Nach der Ausbildung zur Erzieherin an der Katholischen Fachschule für Sozialpädagogik in Neckarsulm studierte sie an der Fachhochschule für Sozialwesen in Esslingen und im Anschluss, bereits als Diplom-Sozialarbeiterin, Anfang der Neunziger-Jahre berufsbegleitend Erziehungs- und Sozialwissenschaften an der Uni Tübingen. Christ hat zahlreiche Weiterbildungen absolviert, zu Verwaltungsfragen, aber auch zum Thema Journalismus. Unter anderem war sie Referentin für Öffentlichkeitsarbeit bei Brot für die Welt und sechs Monaten in Südafrika, um sich mit Organisationsentwicklung zu befassen.

Stellenanzeige passte genau

Zu „Pro Familia“ kam sie 2014, als sie ihre Tätigkeit als Gesundheits- und Sozialplanerin bei der Stadt Stuttgart gerade aufgegeben hatte und selbstständig arbeiten wollte.
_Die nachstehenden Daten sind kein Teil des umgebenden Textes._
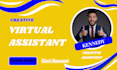 be your creative virtual assistant and social media manager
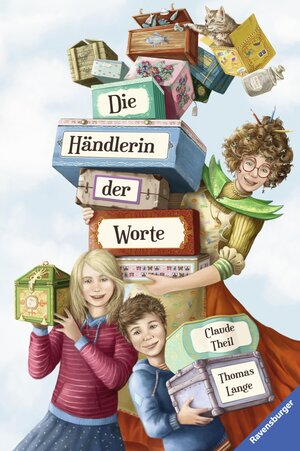 Buchcover Die Händlerin der Worte | Thomas Lange | EAN 9783473477906 | ISBN 3-473-47790-7 | ISBN 978-3-473-47790-6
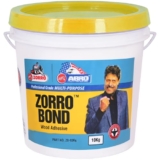 ABRO ZORRO BOND-ZB Wood Adhesive Professional Grade Multi-Purpose Water-Resistant Heavy-Duty Glue with Extreme High Bond Strength for Woodwork Furniture Home Office (Pack of 1, 10Kg)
Das Stellenprofil habe genau dem entsprochen, was sie an Erfahrungen und Themen mitbringen konnte.

Zu den Aufgaben des Verbands gehört neben dem Betrieb der Schwangerschaftsberatungsstellen die Unterstützung von Kindern und Jugendlichen auf dem Weg in ein selbstständiges Leben, verbunden mit dem Respekt vor anderen Lebensmodellen, sowie die Fortbildung von Lehrkräften, die Qualifizierung von Kulturdolmetscherinnen zur Arbeit mit Geflüchteten und die Hilfe für junge Familien in schwieriger Lebenssituation durch Familienhebammen. Wichtig sei auch die Landesförderung zur Digitalisierung der Beratungsstellen gewesen.
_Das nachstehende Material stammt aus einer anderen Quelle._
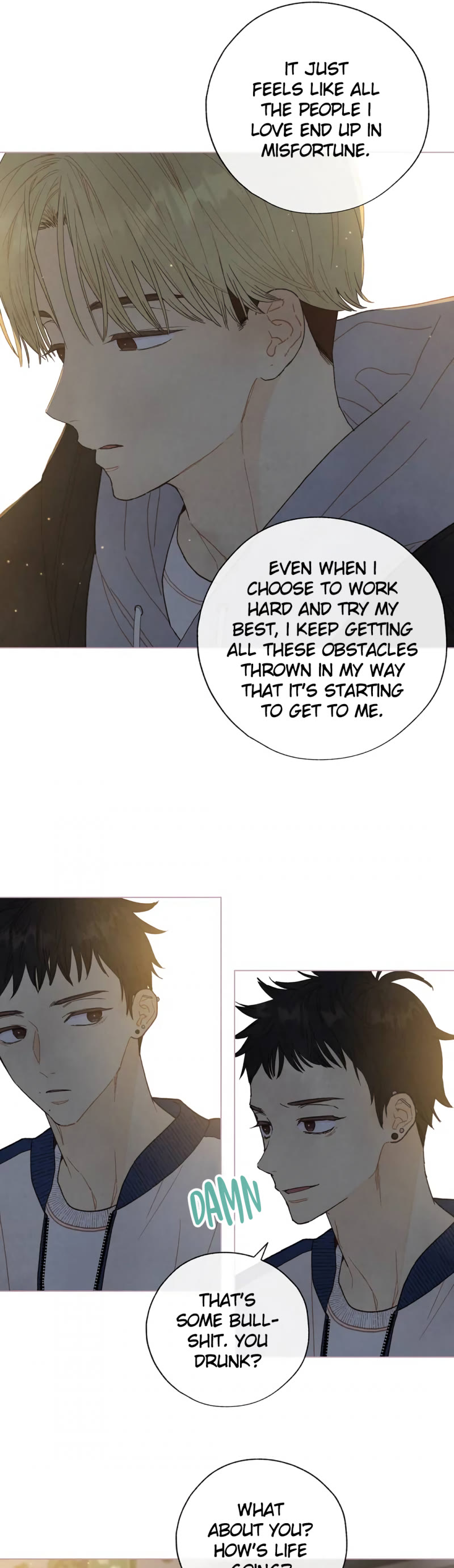 A Beloved Existence Chapter 110 page 11 - Chapter 110: This is Hard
Wenig Verständnis für Frauen in Not

Im Rückblick auf ihre Tätigkeit müsse sie leider erkennen, sagt Christ, dass sie vieles für Errungenschaften gehalten habe, was heute wieder unter Druck stehe. Sie sei fassungslos, wie leicht sich gesellschaftliche Kräfte instrumentalisieren ließen: „Ich fand schon immer so frappierend, wie wenig Leute sich dafür interessieren, in welcher Situation eine Frau ihr Kind bekommt, das aber zum Politikum wird, wenn sie entscheidet, es nicht bekommen zu wollen“, so Christ. Ihre Nachfolgerin wird Pia Riegger.

Drei Fragen…

Was war der größte Erfolg von „Pro Familia“ seit 2011?
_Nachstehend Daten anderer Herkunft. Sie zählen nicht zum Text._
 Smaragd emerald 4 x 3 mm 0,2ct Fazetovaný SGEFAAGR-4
Dass es gelungen ist, das Thema Sexualität und Behinderung stärker in den Blickpunkt der Öffentlichkeit zu rücken und fachlich voranzubringen. Es sind neue Bildungsangebote und Materialien entstanden, und wir konnten Einrichtungen dabei unterstützen, sexualpädagogische Konzepte zu entwickeln – mit echter Beteiligung der Menschen mit Behinderungen.

Wie schauen Sie auf den Streit um die Juristin Frauke Brosius-Gersdorf und die wieder aufgeflammte Debatte um den Paragrafen 218?

Mit Entsetzen. Sie ist auf üble Weise verunglimpft worden, nur weil sie findet, der Schwangerschaftsabbruch müsse in Teilen außerhalb des Strafrechts geregelt werden. Eine Haltung, die juristisch sehr gut begründet ist und mit der sie in der Mitte der Gesellschaft steht. Es ist erschreckend, dass daraus ein Kulturkampf gemacht wurde. Dabei tritt auch ein erschreckendes Frauenbild zutage.

Was muss sich nach Ihrer langen Erfahrung im Umgang mit schwangeren Frauen in schwierigen Situationen ändern?

Jede Entscheidung, die eine ungewollt Schwangere vor dem Hintergrund ihrer sehr persönlichen Situation trifft, ist zu respektieren. Frauen treffen verantwortungsvolle Entscheidungen, die geltende Rechtslage erklärt sie aber für unmündig.